- The founder and two promoters of Bitcoiin have been charged with fraud by the SEC
- Bitcoiin claimed to be the “2nd generation of the original Bitcoin” but was allegedly a scam designed to enrich the creators and promoters
- Bitcoiin was promoted by actor Steven Seagal, who settled with the SEC over his role
Three associates of Bitcoiin, a cryptocurrency promoted by veteran actor Steven Seagal, have been charged by the Securities and Exchange Commission (SEC) with defrauding investors. In another example of the lawlessness that existed in the ICO boom of 2017 and 2018, Bitcoiin raised $11 million through two unregistered ICOs the SEC says featured material that the creators knew to be incorrect, while the associates pocketed much of the money.
Bitcoiin a Scam From The Off
Bitcoiin was a cryptocurrency created by BitcoiinGen2 founder Kristijan Krstic, who enlisted the help of John DeMarr and Robin Enos to promote the project.

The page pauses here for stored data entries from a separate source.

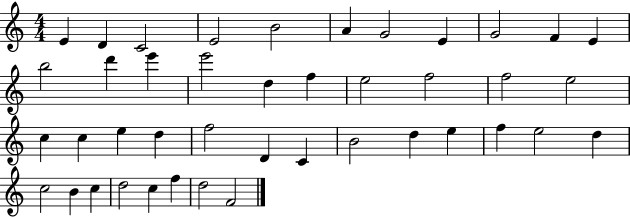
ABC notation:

X:1
T:Untitled
M:4/4
L:1/4
K:C
E D C2 E2 B2 A G2 E G2 F E b2 d' e' e'2 d f e2 f2 f2 e2 c c e d f2 D C B2 d e f e2 d c2 B c d2 c f d2 F2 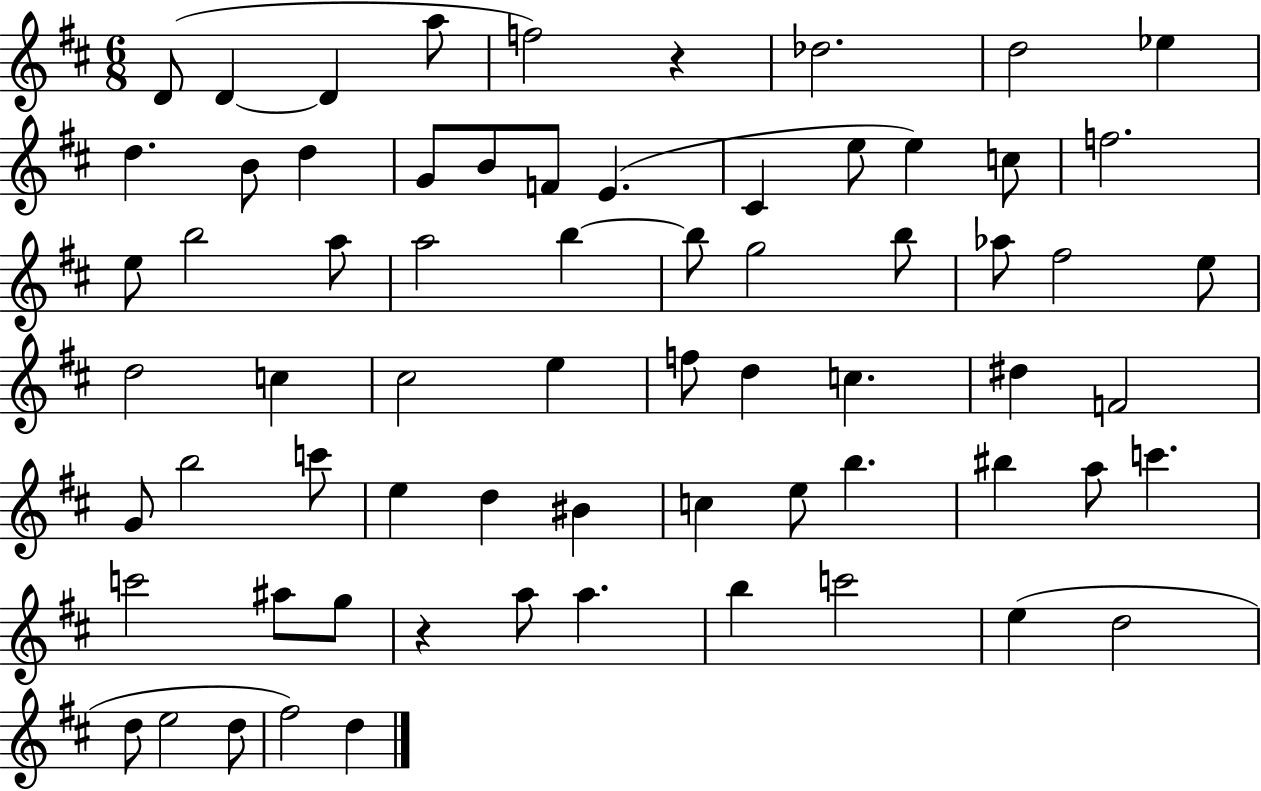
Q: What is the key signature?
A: D major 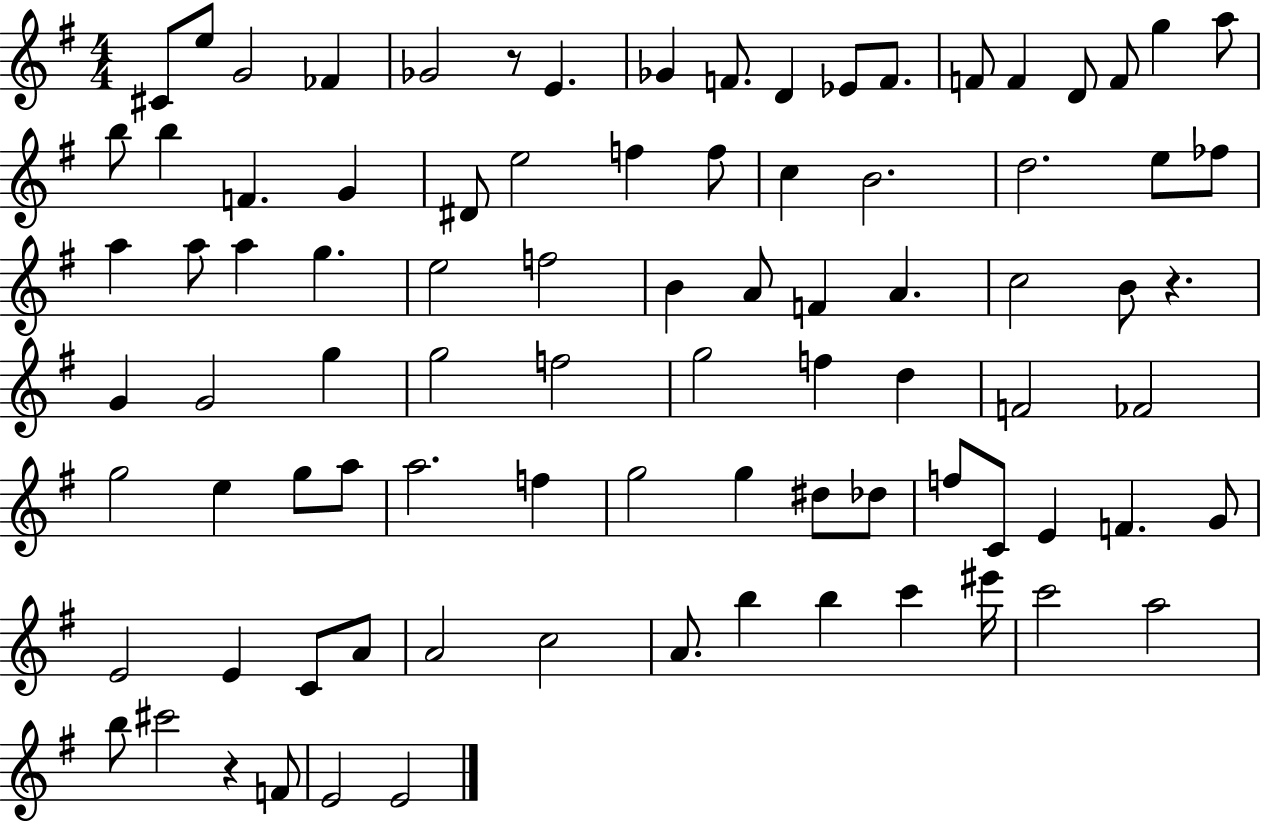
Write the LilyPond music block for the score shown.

{
  \clef treble
  \numericTimeSignature
  \time 4/4
  \key g \major
  cis'8 e''8 g'2 fes'4 | ges'2 r8 e'4. | ges'4 f'8. d'4 ees'8 f'8. | f'8 f'4 d'8 f'8 g''4 a''8 | \break b''8 b''4 f'4. g'4 | dis'8 e''2 f''4 f''8 | c''4 b'2. | d''2. e''8 fes''8 | \break a''4 a''8 a''4 g''4. | e''2 f''2 | b'4 a'8 f'4 a'4. | c''2 b'8 r4. | \break g'4 g'2 g''4 | g''2 f''2 | g''2 f''4 d''4 | f'2 fes'2 | \break g''2 e''4 g''8 a''8 | a''2. f''4 | g''2 g''4 dis''8 des''8 | f''8 c'8 e'4 f'4. g'8 | \break e'2 e'4 c'8 a'8 | a'2 c''2 | a'8. b''4 b''4 c'''4 eis'''16 | c'''2 a''2 | \break b''8 cis'''2 r4 f'8 | e'2 e'2 | \bar "|."
} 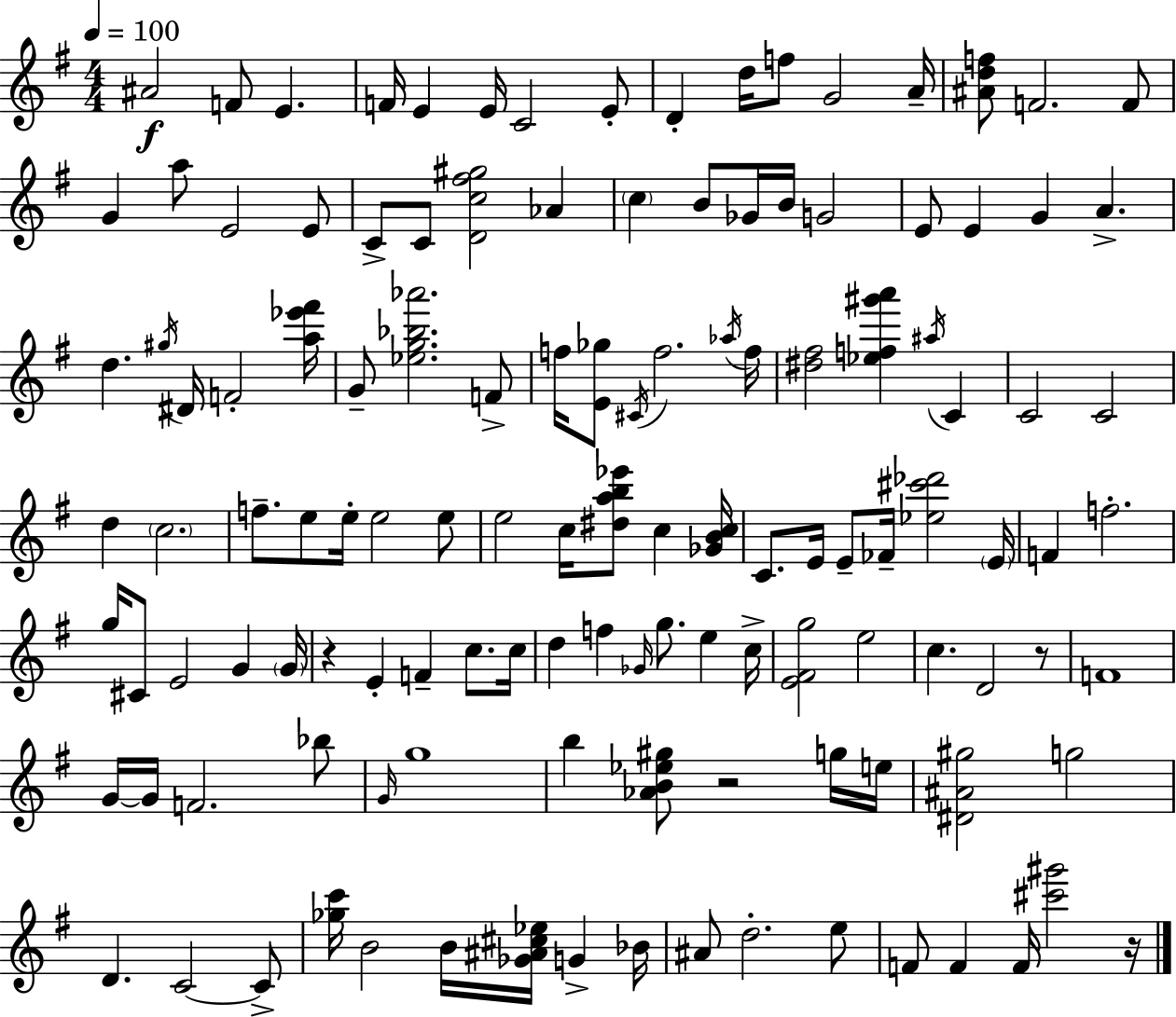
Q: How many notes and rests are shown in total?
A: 125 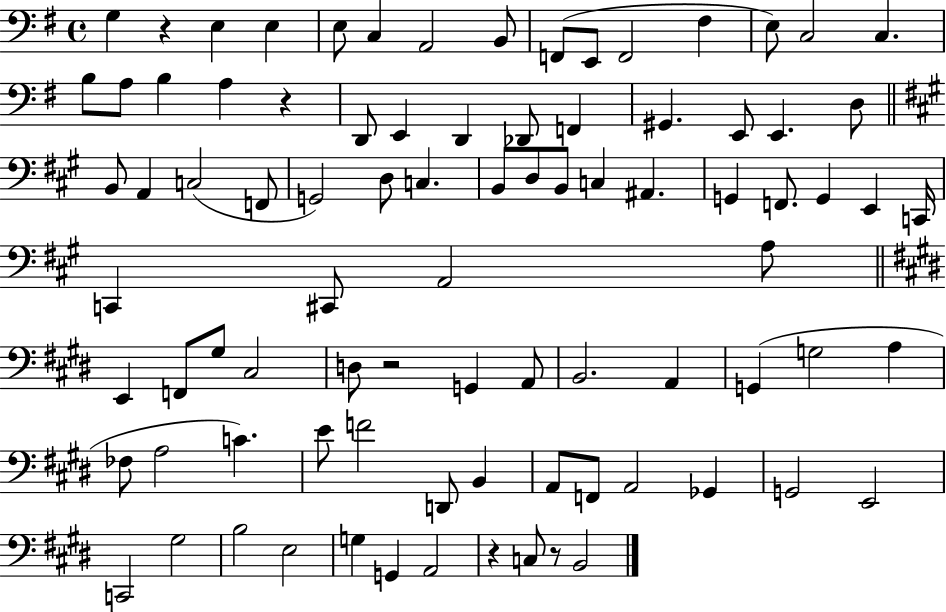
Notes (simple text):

G3/q R/q E3/q E3/q E3/e C3/q A2/h B2/e F2/e E2/e F2/h F#3/q E3/e C3/h C3/q. B3/e A3/e B3/q A3/q R/q D2/e E2/q D2/q Db2/e F2/q G#2/q. E2/e E2/q. D3/e B2/e A2/q C3/h F2/e G2/h D3/e C3/q. B2/e D3/e B2/e C3/q A#2/q. G2/q F2/e. G2/q E2/q C2/s C2/q C#2/e A2/h A3/e E2/q F2/e G#3/e C#3/h D3/e R/h G2/q A2/e B2/h. A2/q G2/q G3/h A3/q FES3/e A3/h C4/q. E4/e F4/h D2/e B2/q A2/e F2/e A2/h Gb2/q G2/h E2/h C2/h G#3/h B3/h E3/h G3/q G2/q A2/h R/q C3/e R/e B2/h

Bitcoiin aimed to piggyback on the Bitcoin craze, calling their token the “2nd generation of the original Bitcoin”. The project was a clear scam, which is obvious from the name alone, but hundreds of naïve investors still piled in, with most of the money going towards paying Steven Seagal to promote the coin and line the creator’s and promoters’ pockets.
Bitcoiin attracted notoriety in February 2018 when it hired Seagal to front it, leading to criticism in over its likeness to a pyramid scheme, to which it responded indignantly at the time:
Of course, we are not an MLM company or any Pyramid Scheme or Scamming people, all of these allegations are false and just an attempt to discourage people from becoming a part of the Bitcoiin2Gen, Crypto-Currencies, and Crypto-economies.
However, the SEC has alleged that scamming people was exactly what Bitcoiin2Gen was doing, stating that “Bitcoiin2Gen was a sham, and Krstic and DeMarr allegedly misappropriated millions of dollars of investor funds for their own personal benefit.”
Project Collapsed in 2018
While the stated aim of Bitcoiin was “to make a superior or more advanced version of Original Bitcoin”, Kristina Littman, Chief of the SEC Enforcement Division’s Cyber Unit, summed up the real purpose of the project as far as the SEC is concerned:
“The conduct alleged in this action was a blatant attempt to victimize those interested in digital asset technology and these defendants should be held accountable. In reality, we allege, these ventures were fraudulent enterprises aimed simply at misappropriating funds from investors.”
Bitcoiin came to an indignant end in 2018 when the founders quit, Seagal settled with the SEC over his involvement, and the project collapsed a month after the token listed on exchanges.